In the days of the X-15 aircraft, NASA did a study on tape displays versus round gauges. The study wasn't on which was "safer", but rather, which resulted in the more accurate flight path.

Not surprisingly, the round gauges were found to give the more accurate flight path. No doubt, some would say this was because the pilots involved had been trained on the round gauges.

Personally, I have no problems with the standard glass setup, but I guess it's what you're used to or, perhaps more accurately, what you cut your teeth on...
Wrong. Our brains work very differently when working with a needle moving around a round dial than they do with a tape. This is because, with the needle, provided we just want to make a quick assessment of the reading, it is a matter of just making a quick assessment of the ANGLE of the pointer.

Now it just so happens that humans are very, very good at working with angles. For whatever reason, evolution has made us highly proficient at recognising, estimating, assessing, remembering and repeating angles. It matters not whether you are an old pilot, a young pilot or a someone living in a cave.

When using the round dial to manage our airspeed throughout the approach to land, for example, we are predominantly just glancing at the angle of the pointer. We don't care what the exact reading of the airspeed is, we are just checking for the pointer angle to be "about right".
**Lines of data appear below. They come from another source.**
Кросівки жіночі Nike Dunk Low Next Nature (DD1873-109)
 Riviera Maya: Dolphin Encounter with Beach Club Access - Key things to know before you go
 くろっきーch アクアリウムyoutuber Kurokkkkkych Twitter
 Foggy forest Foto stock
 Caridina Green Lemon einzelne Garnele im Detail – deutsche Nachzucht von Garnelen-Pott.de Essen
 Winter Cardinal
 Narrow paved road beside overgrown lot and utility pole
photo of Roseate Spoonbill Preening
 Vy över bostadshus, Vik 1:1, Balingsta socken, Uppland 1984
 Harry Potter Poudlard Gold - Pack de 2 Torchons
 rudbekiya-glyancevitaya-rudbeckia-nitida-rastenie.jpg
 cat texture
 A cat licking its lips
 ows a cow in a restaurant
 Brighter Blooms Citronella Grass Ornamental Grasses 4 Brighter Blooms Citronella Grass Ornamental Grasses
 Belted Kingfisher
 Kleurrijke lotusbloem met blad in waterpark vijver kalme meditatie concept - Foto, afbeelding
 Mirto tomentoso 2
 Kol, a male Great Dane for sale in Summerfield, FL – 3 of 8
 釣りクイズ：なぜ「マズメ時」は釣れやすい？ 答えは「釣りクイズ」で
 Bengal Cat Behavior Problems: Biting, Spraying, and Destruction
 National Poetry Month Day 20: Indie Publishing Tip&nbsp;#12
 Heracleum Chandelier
Consider what your brain is going through when using an analogue watch, as compared to an all-digital watch, for example. Let's say your lunch break is at 11:45 and you are hungry and are frequently checking the time on your watch.

With the digital watch, you must read the two minute digits and your brain must process them. And, the watch must be sufficiently close and the relative movement between your eyes and the watch must be minimal enough to allow the digits to be read.

With the analogue watch, however, you only need to glance at the angular position of the minute hand. The watch could be upside down, moving rapidly relative to the eyes or much more distant than the digital watch. In all cases, the analogue will rapidly give you an idea of how far from 11:45 the time is!

The brain has done a lot less work with the analogue than it had to do with the digital. To find the time on the digital, the eyes had first to be trained on the tiny space where the minute digits are, then the digits read and processed.

Under calm, low workload, low stress situations, this difference in workload is not noticeable. But in a high workload, high stress situation, with the brain close to saturation, the extra work demanded by the tape airspeed indicator can be too much for the brain. It will not even attempt to read the airspeed. There may as well be no airspeed indicator fitted to the aircraft at these times - the result is the same!

Just going back to those crashes I listed in my first paragraph. All of those aircraft stalled on final approach. All were glass cockpit types with a tape for airspeed. Stalling on final approach is a completely new way to crash an aircraft. In another thread, I invited participants to name a similar accident to a commercial airliner fitted with round dials.

Only one was identified (United 553, a 737-200 on approach to Chicago Midway on December 8, 1972), but that accident had a number of important differences to the three I have given (the main ones being that it was an unstable approach with the pilots apparently aware of the low/decaying airspeed).